#### Exercise prompt
After finding "Rolex Stainless Steel" in the data, write out its line and all following lines without change, up to and including the last one. Leave out pictures.

Caption-style text data:
------------------------------------
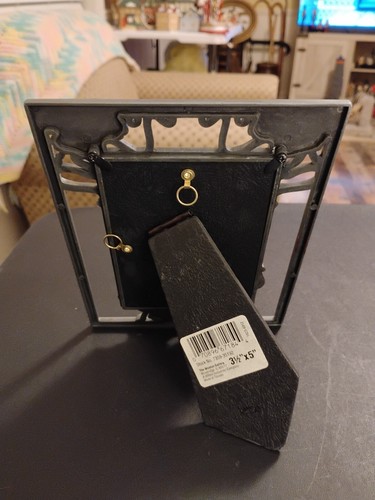 Vintage Pewter Color Floral Design Picture Frame 3.5 x 5 Inch - Picture 4 of 7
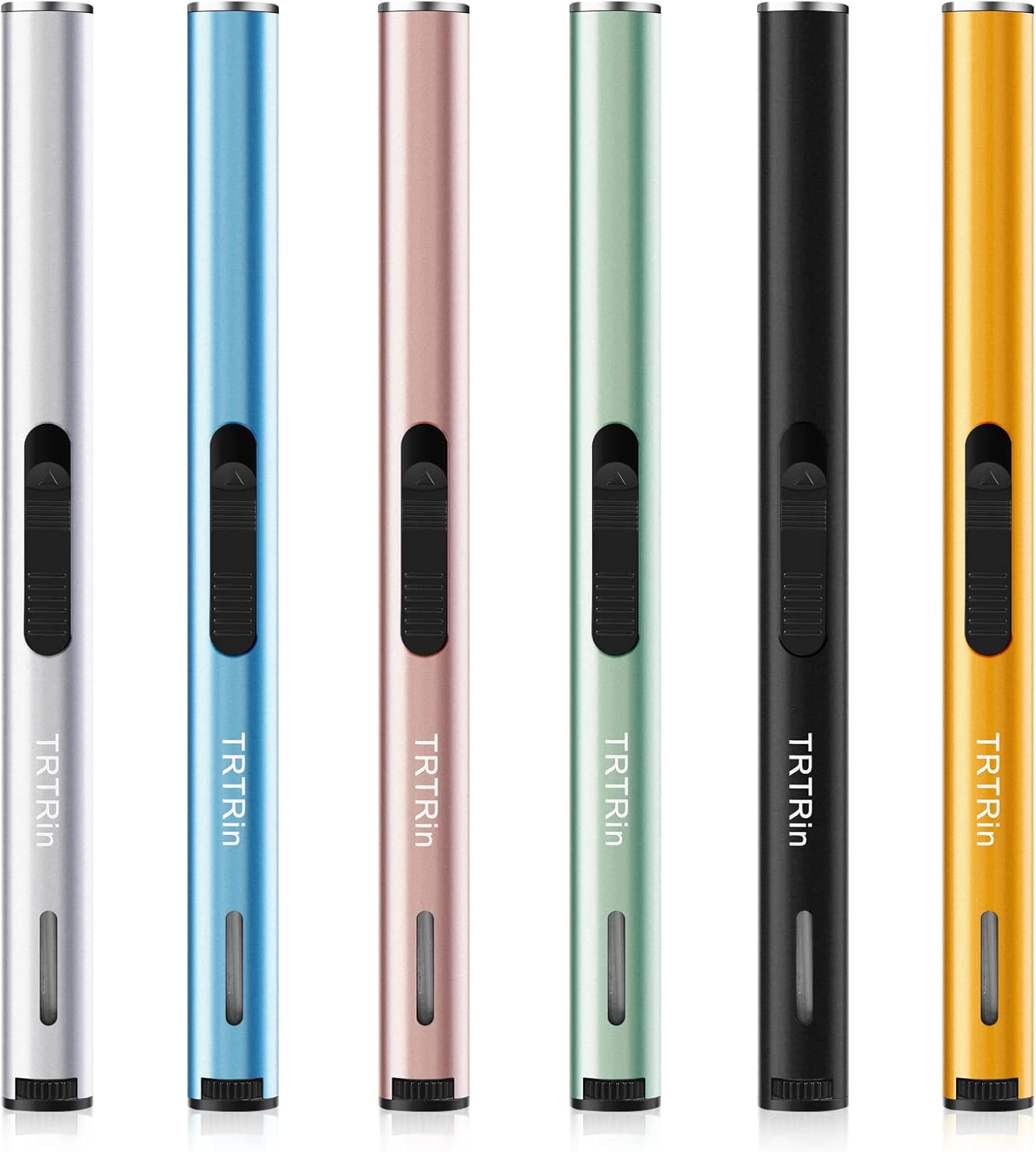 Encendedores recargables de 7.68 pulgadas, paquete de 6 encendedores de butano recargables, con ventana visible de combustible, encendedor largo de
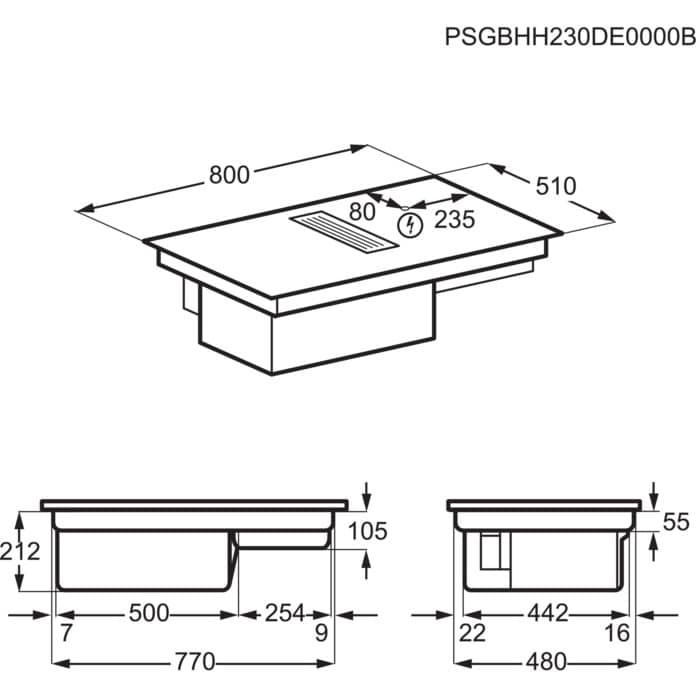 AEG NDP84C02CB 8000 kookplaat met afzuiging - 80cm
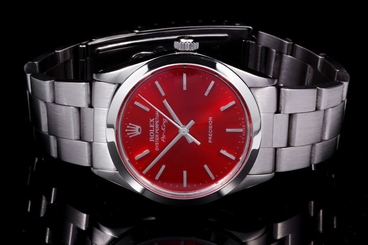 Rolex Stainless Steel Airking 5500, Red Stick Dial on an Oyster Bracelet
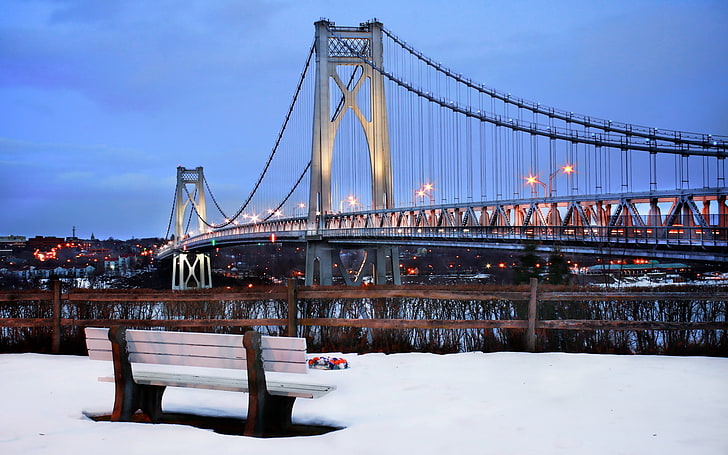 gray bridge, mid hudson bridge, new york, nyc, winter, snow, famous Place, HD wallpaper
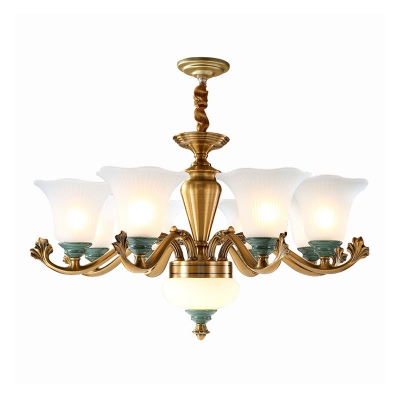 Antiqued Brass 6/8/10-Bulb Chandelier Traditional Frosted White Glass Flower Hanging Ceiling Light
------------------------------------
#### Exercise output
 Rolex Stainless Steel Airking 5500, Red Stick Dial on an Oyster Bracelet
 gray bridge, mid hudson bridge, new york, nyc, winter, snow, famous Place, HD wallpaper
 Antiqued Brass 6/8/10-Bulb Chandelier Traditional Frosted White Glass Flower Hanging Ceiling Light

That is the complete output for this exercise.